I was planning to use firestore database for one of my application which deals with 30~40 million records data-set. There are certain query which run on data-sets amounting 100,000 records, record size roughly 50MB.
I do have tried running these queries inside Cloud Functions and Android Application, and looks like that it is a tedious job to perform such operations anywhere. Here are my observations:
Cloud Functions:
- Query a single record from the firestore database takes nearly 500ms, which I think is little on higher side, but one can live with it.
- But the bigger problem is its handling of large amount of data. most of the time my cloud function which deals with large amount of data, it time-outs. Need not to mention it takes considerable amount of time as well.
- I had a simple query, on single field ("area-code") which would return 33K records. When I executed this query, it took Firestore nearly 20 seconds to execute, most of the time the cloud-function time-out in performing this operation. Which means I cannot have a cloud function which deals with large volume of data. Here one more point to understand is that I have only 33K records in my database.
Android Functions:
- Results are so frustrating, that it is not even worth mentioning it here, did I say in many minutes??

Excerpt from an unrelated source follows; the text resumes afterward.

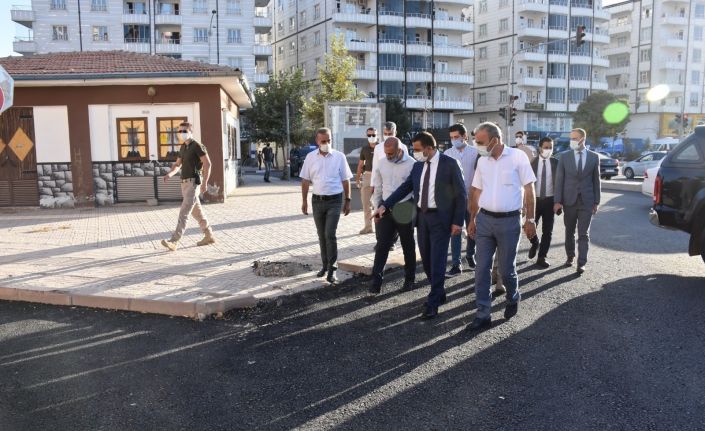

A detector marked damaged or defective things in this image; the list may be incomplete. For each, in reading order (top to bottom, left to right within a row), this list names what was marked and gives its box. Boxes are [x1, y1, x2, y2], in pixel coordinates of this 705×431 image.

Considering various experiments I have done so far, in my opinion, Firestore could be a good database for the use cases where application may have large amount of data, but it need not to run queries on data-set which is higher than few thousands (less than 10).
For example there are 26K restaurants in New York city (
https://www.quora.com/How-many-restaurants-are-there-in-New-York-City). If I just want to store location of these restaurants and provide them
off-line to a mobile customer, it will become an herculean task. One can ask, why would someone wants to know all the 26K restaurants in the city, well may be because I am a TaxMan and want to know the location of each restaurant who have not paid property tax this year and I want to see those details even when my data plan is over or on a choppy network. IS it not the one of the use-case what Firebase promotes (off-line sync). Now at the same time, if health-inspectors are also visiting these restaurants and giving grades on different parameters. A consolidated report on restaurant's in different grades to be plot on map will be tough, if I do not have some master data already available on my device first. Now my use case is actually 4 times of the total restaurants in New York.
Some idea's on solution will be welcome.